Task input:

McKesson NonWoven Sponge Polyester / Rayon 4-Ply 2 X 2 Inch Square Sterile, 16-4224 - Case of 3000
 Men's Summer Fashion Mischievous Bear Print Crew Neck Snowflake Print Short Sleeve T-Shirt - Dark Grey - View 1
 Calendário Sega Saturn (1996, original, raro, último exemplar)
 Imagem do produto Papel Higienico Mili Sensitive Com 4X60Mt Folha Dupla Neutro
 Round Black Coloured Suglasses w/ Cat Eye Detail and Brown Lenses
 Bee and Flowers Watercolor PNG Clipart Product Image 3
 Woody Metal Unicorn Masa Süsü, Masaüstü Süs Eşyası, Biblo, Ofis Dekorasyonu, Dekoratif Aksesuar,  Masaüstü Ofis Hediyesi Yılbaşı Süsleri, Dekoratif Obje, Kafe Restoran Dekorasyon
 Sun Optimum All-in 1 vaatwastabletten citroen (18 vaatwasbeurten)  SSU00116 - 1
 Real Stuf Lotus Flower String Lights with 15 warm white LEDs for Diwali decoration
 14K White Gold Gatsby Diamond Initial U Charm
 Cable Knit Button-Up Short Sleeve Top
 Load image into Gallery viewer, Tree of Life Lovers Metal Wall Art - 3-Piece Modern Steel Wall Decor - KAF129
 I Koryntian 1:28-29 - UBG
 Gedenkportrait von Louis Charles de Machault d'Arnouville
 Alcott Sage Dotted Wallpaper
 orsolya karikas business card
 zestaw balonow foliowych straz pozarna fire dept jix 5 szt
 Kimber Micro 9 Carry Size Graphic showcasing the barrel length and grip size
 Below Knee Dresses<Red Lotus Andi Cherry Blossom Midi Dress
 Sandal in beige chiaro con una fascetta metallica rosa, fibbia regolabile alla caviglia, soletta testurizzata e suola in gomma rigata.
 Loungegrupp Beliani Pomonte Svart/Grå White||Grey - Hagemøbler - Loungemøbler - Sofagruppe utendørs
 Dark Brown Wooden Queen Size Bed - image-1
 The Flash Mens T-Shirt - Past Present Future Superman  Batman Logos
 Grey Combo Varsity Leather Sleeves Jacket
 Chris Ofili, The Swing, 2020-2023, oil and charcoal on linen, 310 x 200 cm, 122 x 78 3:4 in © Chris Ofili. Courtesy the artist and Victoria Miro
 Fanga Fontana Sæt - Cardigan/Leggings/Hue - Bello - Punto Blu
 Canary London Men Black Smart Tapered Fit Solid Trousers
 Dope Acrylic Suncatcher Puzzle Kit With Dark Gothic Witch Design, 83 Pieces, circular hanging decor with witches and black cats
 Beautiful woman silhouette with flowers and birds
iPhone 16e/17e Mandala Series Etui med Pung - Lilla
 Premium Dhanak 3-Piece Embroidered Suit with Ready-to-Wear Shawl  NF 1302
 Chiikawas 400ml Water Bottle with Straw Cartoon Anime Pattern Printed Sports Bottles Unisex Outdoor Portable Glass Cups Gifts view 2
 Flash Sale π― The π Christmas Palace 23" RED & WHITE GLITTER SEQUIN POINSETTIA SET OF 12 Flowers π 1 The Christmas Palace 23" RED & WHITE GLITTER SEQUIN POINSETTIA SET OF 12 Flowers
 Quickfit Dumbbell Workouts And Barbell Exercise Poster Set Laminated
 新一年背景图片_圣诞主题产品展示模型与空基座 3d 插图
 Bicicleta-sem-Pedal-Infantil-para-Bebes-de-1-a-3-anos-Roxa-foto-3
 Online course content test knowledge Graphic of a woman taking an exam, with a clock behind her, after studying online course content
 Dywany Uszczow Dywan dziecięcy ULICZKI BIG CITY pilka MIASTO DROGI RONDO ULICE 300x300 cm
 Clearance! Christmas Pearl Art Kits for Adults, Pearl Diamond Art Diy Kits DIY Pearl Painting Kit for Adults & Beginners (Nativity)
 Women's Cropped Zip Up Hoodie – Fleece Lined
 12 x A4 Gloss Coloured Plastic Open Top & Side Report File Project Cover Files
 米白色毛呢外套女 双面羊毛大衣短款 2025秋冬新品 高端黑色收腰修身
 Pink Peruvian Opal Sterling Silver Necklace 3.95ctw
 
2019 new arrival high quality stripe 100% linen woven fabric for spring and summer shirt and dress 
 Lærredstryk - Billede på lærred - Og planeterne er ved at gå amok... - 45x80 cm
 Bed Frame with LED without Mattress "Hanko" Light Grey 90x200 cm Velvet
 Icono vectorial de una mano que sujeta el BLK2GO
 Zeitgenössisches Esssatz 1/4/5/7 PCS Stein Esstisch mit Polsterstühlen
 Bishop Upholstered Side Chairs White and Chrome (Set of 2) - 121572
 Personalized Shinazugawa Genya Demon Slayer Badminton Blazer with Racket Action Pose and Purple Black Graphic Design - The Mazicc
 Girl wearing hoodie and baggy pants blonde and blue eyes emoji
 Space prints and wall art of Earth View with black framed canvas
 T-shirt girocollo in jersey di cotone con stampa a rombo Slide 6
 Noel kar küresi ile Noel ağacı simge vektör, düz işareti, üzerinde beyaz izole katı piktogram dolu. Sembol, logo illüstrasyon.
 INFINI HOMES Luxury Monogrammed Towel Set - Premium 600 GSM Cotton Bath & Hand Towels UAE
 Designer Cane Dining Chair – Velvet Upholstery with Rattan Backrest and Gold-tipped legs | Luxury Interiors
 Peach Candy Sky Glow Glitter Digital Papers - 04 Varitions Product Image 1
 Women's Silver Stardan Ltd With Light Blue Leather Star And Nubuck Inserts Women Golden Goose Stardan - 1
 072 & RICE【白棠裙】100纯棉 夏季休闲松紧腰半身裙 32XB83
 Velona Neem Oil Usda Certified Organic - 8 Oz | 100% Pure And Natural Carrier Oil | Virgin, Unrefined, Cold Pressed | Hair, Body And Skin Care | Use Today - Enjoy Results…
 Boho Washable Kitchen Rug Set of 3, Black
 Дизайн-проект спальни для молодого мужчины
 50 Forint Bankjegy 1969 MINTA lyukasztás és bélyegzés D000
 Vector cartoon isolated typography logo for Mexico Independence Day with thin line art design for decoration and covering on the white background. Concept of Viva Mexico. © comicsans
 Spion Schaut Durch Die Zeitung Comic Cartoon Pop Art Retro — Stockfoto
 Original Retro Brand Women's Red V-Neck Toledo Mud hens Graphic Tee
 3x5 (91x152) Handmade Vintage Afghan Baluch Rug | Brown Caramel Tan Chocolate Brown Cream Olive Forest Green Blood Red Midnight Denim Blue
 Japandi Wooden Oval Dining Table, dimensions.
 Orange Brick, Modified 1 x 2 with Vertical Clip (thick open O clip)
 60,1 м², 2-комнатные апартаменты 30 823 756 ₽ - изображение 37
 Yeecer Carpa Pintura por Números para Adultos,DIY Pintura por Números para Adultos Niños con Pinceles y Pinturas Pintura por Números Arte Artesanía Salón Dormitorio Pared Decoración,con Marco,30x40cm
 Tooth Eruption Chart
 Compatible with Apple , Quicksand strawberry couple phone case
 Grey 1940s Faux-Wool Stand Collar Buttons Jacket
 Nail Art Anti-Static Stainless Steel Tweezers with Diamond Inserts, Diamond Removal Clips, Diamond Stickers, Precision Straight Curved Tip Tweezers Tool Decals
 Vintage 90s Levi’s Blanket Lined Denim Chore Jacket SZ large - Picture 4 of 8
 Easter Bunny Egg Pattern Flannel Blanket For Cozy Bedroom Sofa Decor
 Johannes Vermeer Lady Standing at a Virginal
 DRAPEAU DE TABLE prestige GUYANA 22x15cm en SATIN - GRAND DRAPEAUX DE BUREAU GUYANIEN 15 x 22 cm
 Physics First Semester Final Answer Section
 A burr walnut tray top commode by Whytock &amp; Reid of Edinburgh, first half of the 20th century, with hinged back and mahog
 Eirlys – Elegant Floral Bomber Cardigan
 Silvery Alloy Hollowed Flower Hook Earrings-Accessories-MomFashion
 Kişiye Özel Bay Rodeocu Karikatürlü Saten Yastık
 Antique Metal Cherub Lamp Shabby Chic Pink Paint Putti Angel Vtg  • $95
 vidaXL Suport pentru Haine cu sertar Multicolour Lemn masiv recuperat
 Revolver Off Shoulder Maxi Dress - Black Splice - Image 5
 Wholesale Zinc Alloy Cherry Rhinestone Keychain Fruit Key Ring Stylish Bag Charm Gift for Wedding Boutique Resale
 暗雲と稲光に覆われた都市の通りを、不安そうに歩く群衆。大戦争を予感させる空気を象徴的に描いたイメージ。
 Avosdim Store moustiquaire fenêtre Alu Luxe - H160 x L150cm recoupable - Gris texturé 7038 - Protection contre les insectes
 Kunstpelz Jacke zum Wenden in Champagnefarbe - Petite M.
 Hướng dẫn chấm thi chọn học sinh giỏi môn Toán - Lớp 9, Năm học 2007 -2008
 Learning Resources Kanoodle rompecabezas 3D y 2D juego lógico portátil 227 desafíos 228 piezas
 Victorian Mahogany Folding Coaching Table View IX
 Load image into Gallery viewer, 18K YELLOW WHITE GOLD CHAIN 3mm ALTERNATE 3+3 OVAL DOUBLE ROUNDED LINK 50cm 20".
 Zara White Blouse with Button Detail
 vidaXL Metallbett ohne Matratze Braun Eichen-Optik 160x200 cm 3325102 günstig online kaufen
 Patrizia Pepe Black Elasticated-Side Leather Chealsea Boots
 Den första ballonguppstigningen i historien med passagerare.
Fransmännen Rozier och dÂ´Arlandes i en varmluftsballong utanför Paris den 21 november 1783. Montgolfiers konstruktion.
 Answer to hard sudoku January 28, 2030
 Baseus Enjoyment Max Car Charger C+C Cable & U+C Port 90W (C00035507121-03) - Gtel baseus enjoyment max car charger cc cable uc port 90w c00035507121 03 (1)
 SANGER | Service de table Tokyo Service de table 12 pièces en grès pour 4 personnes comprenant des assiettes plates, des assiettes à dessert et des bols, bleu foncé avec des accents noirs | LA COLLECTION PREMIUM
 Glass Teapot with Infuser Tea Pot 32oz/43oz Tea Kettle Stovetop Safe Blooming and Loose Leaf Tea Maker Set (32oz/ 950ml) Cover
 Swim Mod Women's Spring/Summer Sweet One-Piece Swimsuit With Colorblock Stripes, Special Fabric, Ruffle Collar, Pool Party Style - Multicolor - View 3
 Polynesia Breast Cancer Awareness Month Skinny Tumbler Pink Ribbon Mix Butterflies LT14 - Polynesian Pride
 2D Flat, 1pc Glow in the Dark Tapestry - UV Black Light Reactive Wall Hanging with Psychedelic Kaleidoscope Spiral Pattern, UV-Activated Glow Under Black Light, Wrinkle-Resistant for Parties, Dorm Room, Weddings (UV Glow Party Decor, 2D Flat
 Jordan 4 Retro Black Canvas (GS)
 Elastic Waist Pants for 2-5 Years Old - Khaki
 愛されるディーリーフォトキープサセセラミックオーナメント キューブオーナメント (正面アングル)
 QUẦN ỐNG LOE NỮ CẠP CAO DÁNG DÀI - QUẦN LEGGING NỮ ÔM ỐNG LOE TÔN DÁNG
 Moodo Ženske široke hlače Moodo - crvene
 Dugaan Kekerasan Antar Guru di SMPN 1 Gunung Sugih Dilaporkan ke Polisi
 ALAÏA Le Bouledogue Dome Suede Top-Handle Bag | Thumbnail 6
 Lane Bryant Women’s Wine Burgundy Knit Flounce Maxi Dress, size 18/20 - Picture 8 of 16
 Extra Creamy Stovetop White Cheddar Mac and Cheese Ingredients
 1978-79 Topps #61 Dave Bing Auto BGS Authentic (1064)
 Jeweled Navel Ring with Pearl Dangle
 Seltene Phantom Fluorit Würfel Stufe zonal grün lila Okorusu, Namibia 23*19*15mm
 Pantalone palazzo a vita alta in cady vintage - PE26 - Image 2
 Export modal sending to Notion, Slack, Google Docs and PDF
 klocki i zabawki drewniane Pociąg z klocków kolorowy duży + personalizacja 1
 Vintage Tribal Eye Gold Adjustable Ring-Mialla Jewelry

Activity:
Could you transcribe the entries above word for word, from the line with "vidaXL Metallbett ohne" down to the line with "Swim Mod Women's", keeping both?

Result of the exercise:
 vidaXL Metallbett ohne Matratze Braun Eichen-Optik 160x200 cm 3325102 günstig online kaufen
 Patrizia Pepe Black Elasticated-Side Leather Chealsea Boots
 Den första ballonguppstigningen i historien med passagerare.
Fransmännen Rozier och dÂ´Arlandes i en varmluftsballong utanför Paris den 21 november 1783. Montgolfiers konstruktion.
 Answer to hard sudoku January 28, 2030
 Baseus Enjoyment Max Car Charger C+C Cable & U+C Port 90W (C00035507121-03) - Gtel baseus enjoyment max car charger cc cable uc port 90w c00035507121 03 (1)
 SANGER | Service de table Tokyo Service de table 12 pièces en grès pour 4 personnes comprenant des assiettes plates, des assiettes à dessert et des bols, bleu foncé avec des accents noirs | LA COLLECTION PREMIUM
 Glass Teapot with Infuser Tea Pot 32oz/43oz Tea Kettle Stovetop Safe Blooming and Loose Leaf Tea Maker Set (32oz/ 950ml) Cover
 Swim Mod Women's Spring/Summer Sweet One-Piece Swimsuit With Colorblock Stripes, Special Fabric, Ruffle Collar, Pool Party Style - Multicolor - View 3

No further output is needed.